*** Study material
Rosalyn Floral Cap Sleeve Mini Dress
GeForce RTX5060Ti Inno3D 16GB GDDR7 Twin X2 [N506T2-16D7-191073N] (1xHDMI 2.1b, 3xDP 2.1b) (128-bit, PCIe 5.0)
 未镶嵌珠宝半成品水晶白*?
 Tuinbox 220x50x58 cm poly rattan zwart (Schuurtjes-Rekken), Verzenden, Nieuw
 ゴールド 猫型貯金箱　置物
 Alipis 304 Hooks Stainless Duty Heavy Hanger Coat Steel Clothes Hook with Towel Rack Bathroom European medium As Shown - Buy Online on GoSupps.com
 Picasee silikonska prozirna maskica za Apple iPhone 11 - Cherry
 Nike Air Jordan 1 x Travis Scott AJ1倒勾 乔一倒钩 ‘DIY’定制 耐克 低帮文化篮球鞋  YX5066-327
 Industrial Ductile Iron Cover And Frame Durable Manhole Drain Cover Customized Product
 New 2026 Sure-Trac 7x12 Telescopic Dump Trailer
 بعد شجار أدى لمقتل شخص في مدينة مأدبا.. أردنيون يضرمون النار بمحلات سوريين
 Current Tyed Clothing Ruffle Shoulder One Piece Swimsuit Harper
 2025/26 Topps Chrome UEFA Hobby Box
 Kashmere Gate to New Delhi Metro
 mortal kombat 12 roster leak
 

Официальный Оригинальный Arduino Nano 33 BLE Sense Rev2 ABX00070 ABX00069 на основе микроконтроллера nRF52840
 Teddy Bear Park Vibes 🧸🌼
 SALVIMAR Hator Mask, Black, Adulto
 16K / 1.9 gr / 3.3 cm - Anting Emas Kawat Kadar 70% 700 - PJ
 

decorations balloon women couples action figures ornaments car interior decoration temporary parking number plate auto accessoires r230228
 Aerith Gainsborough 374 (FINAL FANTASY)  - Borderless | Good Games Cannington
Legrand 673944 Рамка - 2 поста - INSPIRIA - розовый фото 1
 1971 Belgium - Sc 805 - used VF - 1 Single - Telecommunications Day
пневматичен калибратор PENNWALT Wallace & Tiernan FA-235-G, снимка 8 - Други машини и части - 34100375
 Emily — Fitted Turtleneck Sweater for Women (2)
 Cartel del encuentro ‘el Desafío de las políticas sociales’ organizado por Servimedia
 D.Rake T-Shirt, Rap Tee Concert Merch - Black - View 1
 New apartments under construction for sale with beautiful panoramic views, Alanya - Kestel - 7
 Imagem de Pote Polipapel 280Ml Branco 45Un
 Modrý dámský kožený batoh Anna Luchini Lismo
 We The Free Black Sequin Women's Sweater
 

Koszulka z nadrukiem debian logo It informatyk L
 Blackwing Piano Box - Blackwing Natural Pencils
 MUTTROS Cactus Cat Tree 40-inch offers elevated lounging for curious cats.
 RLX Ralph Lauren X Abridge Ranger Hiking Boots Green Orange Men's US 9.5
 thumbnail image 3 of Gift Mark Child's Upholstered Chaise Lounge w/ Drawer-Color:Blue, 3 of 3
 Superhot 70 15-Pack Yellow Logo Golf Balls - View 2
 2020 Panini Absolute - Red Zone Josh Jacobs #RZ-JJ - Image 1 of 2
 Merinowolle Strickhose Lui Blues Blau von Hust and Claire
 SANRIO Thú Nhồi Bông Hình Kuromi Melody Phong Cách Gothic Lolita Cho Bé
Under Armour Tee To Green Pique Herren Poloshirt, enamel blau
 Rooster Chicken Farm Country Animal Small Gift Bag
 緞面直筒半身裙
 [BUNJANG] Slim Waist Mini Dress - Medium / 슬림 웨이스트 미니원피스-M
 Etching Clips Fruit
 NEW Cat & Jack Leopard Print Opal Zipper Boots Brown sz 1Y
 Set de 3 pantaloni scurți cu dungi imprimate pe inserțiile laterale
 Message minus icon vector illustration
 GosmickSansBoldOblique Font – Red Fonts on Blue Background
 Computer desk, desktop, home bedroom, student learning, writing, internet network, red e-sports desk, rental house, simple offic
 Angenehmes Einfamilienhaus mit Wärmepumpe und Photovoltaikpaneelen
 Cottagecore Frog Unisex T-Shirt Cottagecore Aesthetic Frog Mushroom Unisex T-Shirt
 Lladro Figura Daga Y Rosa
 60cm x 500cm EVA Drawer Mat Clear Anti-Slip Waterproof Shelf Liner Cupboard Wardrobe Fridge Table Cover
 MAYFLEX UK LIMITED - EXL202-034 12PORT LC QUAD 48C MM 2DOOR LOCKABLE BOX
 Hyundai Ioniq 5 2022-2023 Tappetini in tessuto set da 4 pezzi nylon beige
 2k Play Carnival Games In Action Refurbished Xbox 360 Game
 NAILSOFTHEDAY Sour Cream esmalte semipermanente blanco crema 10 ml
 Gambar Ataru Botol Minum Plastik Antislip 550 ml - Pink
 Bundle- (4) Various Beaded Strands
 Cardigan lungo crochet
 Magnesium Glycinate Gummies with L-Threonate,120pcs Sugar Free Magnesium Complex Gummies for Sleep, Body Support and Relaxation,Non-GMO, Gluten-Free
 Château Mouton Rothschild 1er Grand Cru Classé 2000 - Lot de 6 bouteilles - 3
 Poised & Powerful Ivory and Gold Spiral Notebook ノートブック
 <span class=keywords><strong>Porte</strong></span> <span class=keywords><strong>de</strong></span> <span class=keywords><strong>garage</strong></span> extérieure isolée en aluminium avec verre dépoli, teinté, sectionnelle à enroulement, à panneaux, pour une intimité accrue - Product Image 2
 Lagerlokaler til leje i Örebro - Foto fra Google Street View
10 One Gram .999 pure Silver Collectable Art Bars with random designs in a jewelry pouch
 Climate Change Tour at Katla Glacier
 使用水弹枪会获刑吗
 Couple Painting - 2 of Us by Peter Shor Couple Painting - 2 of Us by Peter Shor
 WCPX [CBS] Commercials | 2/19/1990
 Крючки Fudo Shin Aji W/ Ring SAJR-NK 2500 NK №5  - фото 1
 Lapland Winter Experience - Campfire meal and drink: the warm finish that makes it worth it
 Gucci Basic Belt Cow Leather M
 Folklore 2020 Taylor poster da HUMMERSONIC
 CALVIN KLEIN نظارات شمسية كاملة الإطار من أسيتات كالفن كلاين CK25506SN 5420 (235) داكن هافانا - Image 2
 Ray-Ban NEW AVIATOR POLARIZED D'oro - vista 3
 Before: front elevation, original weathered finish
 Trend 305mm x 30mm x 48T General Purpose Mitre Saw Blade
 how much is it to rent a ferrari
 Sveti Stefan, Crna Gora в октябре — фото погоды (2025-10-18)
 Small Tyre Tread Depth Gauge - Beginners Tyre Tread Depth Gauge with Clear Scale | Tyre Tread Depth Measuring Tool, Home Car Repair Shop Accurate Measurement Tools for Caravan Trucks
******
● Exercise: Your answer must be the lines from the first line of the records through the line containing "Kashmere Gate to New Delhi Metro", copied exactly.

● Solution for this problem:
Rosalyn Floral Cap Sleeve Mini Dress
GeForce RTX5060Ti Inno3D 16GB GDDR7 Twin X2 [N506T2-16D7-191073N] (1xHDMI 2.1b, 3xDP 2.1b) (128-bit, PCIe 5.0)
 未镶嵌珠宝半成品水晶白*?
 Tuinbox 220x50x58 cm poly rattan zwart (Schuurtjes-Rekken), Verzenden, Nieuw
 ゴールド 猫型貯金箱　置物
 Alipis 304 Hooks Stainless Duty Heavy Hanger Coat Steel Clothes Hook with Towel Rack Bathroom European medium As Shown - Buy Online on GoSupps.com
 Picasee silikonska prozirna maskica za Apple iPhone 11 - Cherry
 Nike Air Jordan 1 x Travis Scott AJ1倒勾 乔一倒钩 ‘DIY’定制 耐克 低帮文化篮球鞋  YX5066-327
 Industrial Ductile Iron Cover And Frame Durable Manhole Drain Cover Customized Product
 New 2026 Sure-Trac 7x12 Telescopic Dump Trailer
 بعد شجار أدى لمقتل شخص في مدينة مأدبا.. أردنيون يضرمون النار بمحلات سوريين
 Current Tyed Clothing Ruffle Shoulder One Piece Swimsuit Harper
 2025/26 Topps Chrome UEFA Hobby Box
 Kashmere Gate to New Delhi Metro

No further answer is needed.